LGBT Evanstonians and their allies could be forgiven the evening of July 25, if, upon showing up in Fountain Square for the first Evanston Pride Fest, they thought they were in the wrong place. Save for one sign and some rainbow-themed activities from vendors, there was not much evidence that this was a celebration dedicated to LGBT equality. Indeed, it seemed like the regular Thursday Night Live music series with a thin “pride” veneer.
Rabbi Rachel Weiss of Jewish Reconstructionist Congregation gave an address wherein she discussed the implications and history of Pride celebrations. Mayor Stephen Hagerty issued a proclamation and remarked that next year Pride Fest would indeed take place in June, which most locales generally acknowledge as Pride month. That was the extent of the Pride-themed programming.
Numerous suburbs have developed their own Pride celebrations in recent years, among them Aurora and Buffalo Grove. So it is understandable and commendable that Evanston did want to mark LGBT Pride. But a Pride celebration needs to be much more than a neighborhood music performance, a sign and a few speeches. Again, there is no dearth of Pride celebrations in the region, but we felt that the lack of planning in Evanston Pride Fest was obvious – there were no Rainbow flags and no additional remarks from anyone beyond Rabbi Weiss and Mayor Hagerty.

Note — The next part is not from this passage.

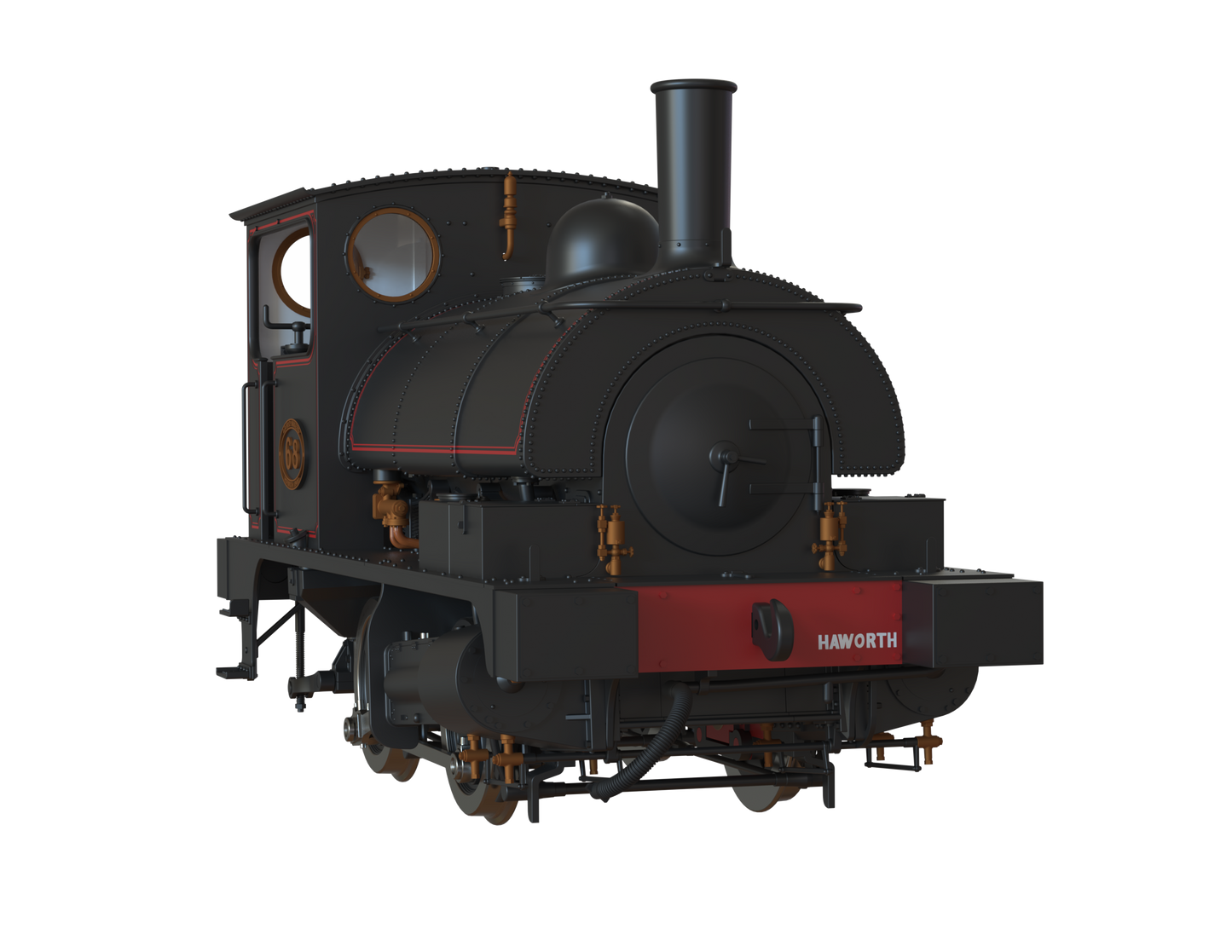 LYR 'Pug' 0-4-0ST 68 LYR Lined Black (as preserved) Steam Locomotive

Evanston has no shortage of LGBT residents. A former alderman who ran against Mayor Hagerty in the last mayoral election is openly gay. Rabbi Weiss pointed out that there are numerous openly LGBT clergy at various religious institutions in the City. An Evanston lesbian couple fought in court for the right to adopt their daughter, in the process winning that right for every gay and lesbian couple in the State. The City is home to a prestigious university that’s produced reams of research on LGBT issues and contains numerous resources for LGBT students, faculty and staff. LGBT liaisons are on the payroll for both the City itself and the police force.
This year marked the 50th anniversary of the Stonewall uprising, and that accounts for much of the enthusiasm for new Pride celebrations. But to throw one together so haphazardly and throw a “Pride Fest” label on it is disrespectful both to the history of Pride celebrations and LGBT residents who showed up expecting an event of substance.
The Stonewall uprising came about after various transgender women and gay men, among others, grew tired of the violence and harassment perpetrated upon them by New York City police in June 1969. They threw bricks and fought back, taking beatings from police clubs along the way, because they’d had enough. Pride marks a significant turning point for LGBT Americans, and further marks the accomplishments and setbacks they’ve experienced in the 50 years since: struggling with the HIV/AIDS epidemic; winning protections against discrimination in more progressive states and localities; overcoming institutionalized discrimination by the U.S. military; and winning the right to marry in all 50 states.
Those struggles are not over yet either. Numerous locations across the United States still actively discriminate against their LGBT residents. Transgender Americans, particularly transgender women of color, face enormous logistical and financial challenges – the average yearly income for persons in that particular demographic is under $10,000 – as do younger LGBT persons, a substantial number of whom disproportionately experience housing instability or outright homelessness. Much work remains to be done on behalf of their cause. And those are just two examples; each Pride celebration punctuates a continual progression of ups-and-downs for the LGBT community and marks their resilience as much as their accomplishments.
We are glad that the City of Evanston wanted to celebrate Pride. But we hope that next year they do a better job of finding out what “Pride” means for the people of Evanston, especially its many LGBT residents, and don’t merely use it as theming for an event the City was planning already. The people here deserve and expect better.